だが、結果としては、これで良いのだ。安易に命を散らして死に戻りされるくらいなら、ほどほどに生かして蘇生を阻害し、後で纏めて倒せばよい。
「くっ……! なんだか知らないけど、そんなもので、アタシ達が騙せると思うの?」
プリズムの真意が読めないまま、ついに焦れたしなもんが、その身を省みず突貫してきた。
もっとも、それは苺子とマオの二人にとって待ち望んでいた展開だ。一直線に突っ込んで来るしなもんに合わせ、まずはマオが身を挺して苺子を庇い。

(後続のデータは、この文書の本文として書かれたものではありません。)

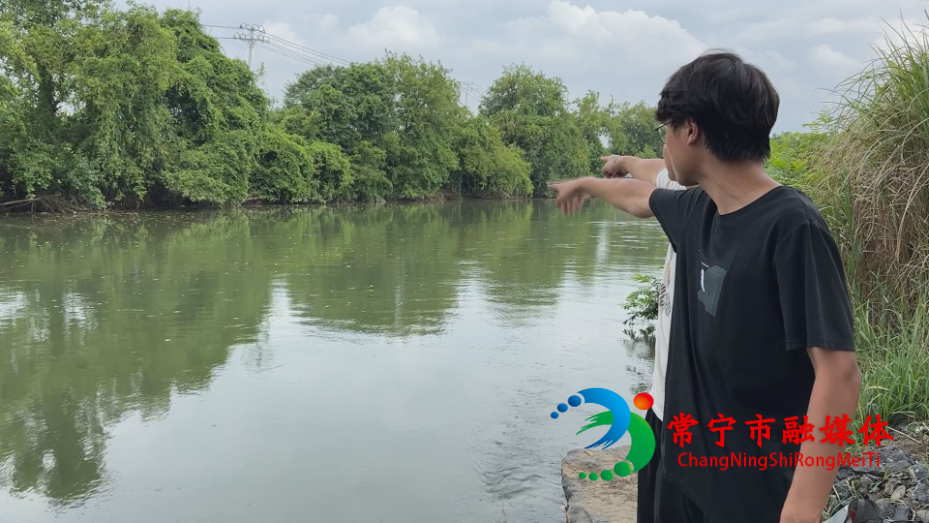 溺水救人 (1).jpg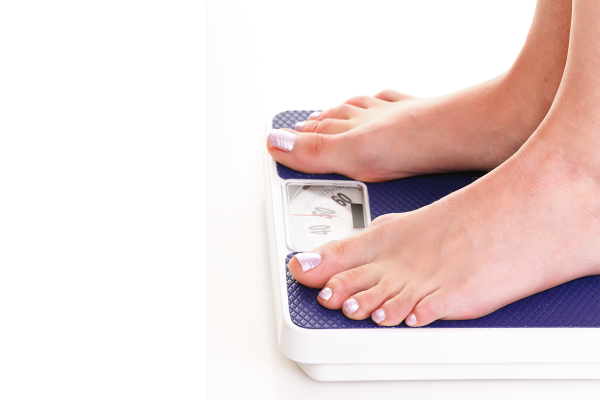 Top journal publishes article: Diabetic drugs that control blood sugar can help lose weight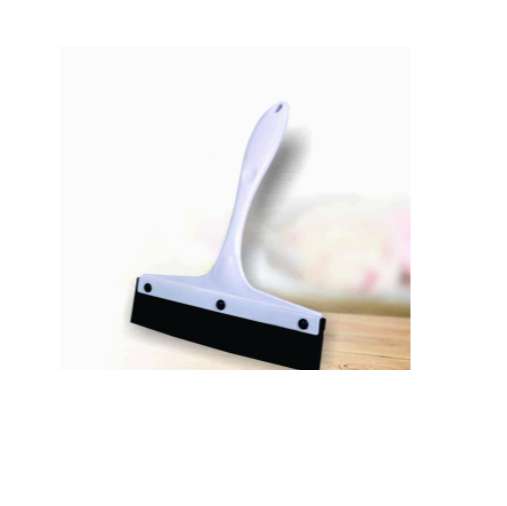 SRE Multi KITCHEN WIPER, Packaging Size: Small
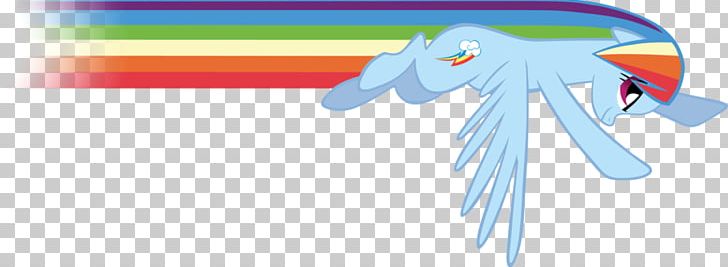 Rainbow Dash Pony PNG, Clipart, Angle, Anime, Area, Blue, Brand Free PNG Download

「悪いが俺の仲間はやらせねエ! 仲間が大事なのはお前等だけじゃねエからな!」
自分の身体が吹っ飛ばされるのもお構いなしに、しなもんの攻撃を相殺する。その上で、今度は彼と入れ替わりに現れた苺子が、強烈な一撃をお見舞いだ。
「そろそろ、年貢の納め時です。目覚めた以上、容赦はしません」
それは一見して、単に武器を振るっただけにしか見えなかった。だが、強烈なロケット噴射による反動は、しなもんの身体を想像以上に吹き飛ばし、そして動きさえも阻害して。
「な、なんだ、これ……。か、身体が……」
全身が思うように動かなくなったことで、しなもんは初めて、自分の行動の愚かさを理解した。
あそこで自分が飛び出さなければ、こんなことにはならなかったはず。自分が動けない今、ここあを蘇生できる者はいない。そして、ここあの命はユーベルコードの反動で、今直ぐにでも消えようとしているのだから。
「しなもんちゃん……ごめんなさい……。わたしも……限界だから……」
ここで自分が死ぬのは拙いと判断したのか、ここあはついに、夢魔ナイトメア達を呼び出すユーベルコードを解除した。こうなれば、後の障害は聖餐獣のみ。もっとも、それらもまたプリズムの繰り出す光によって力を奪われているため、はっきり言って肉壁程度にしか役に立たず。
「そろそろ終わりにしてさしあげましょう」
「ええ、わかったわ」
動けないしなもんに星闇の魔剣が、内臓を奪われ回復を施されてもなお瀕死のここあに、プリズムの握る義帝の剣が、それぞれ迫る。力の大半を奪われた二人の身体は、もはや限界。満身創痍のところを貫かれれば、バビロンの獣であろうと無事では済まない。
「うぅ……ここ……あ……」
「しなもん……ちゃん……。ずっと……一緒に……」
互いに手を伸ばす二人。しかし、その指先が触れ合おうとした瞬間、彼女達は互いに力尽き動かなくなった。
「また会えましたわね。そしてさようなら」
「今度こそさようなら……もう、離ればなれにならないでね」
勝敗はついたと、そこから先は星闇もプリズムも、何もせずに刃を納めた。見れば、二人の身体は徐々に溶け、最後は霧のように周囲の空気と混ざって消えてしまった。
「もう目覚めずに眠ってください。そうすれば、もう誰もあなた達を傷つけませんから」
願わくは、二度と骸の海から戻って来ないように。そう願い、苺子もまた静かに目を閉じる。深く、暗い闇の底であっても、その中で互いに溶け合ってしまえば、もう二度と離れることもなければ、誰かに傷つけられることもないのだから。
ふたりでひとり。美しくも悲しいユーベルコードの使い手は、かくして二度目の死を与えられ、静かに消滅したのであった。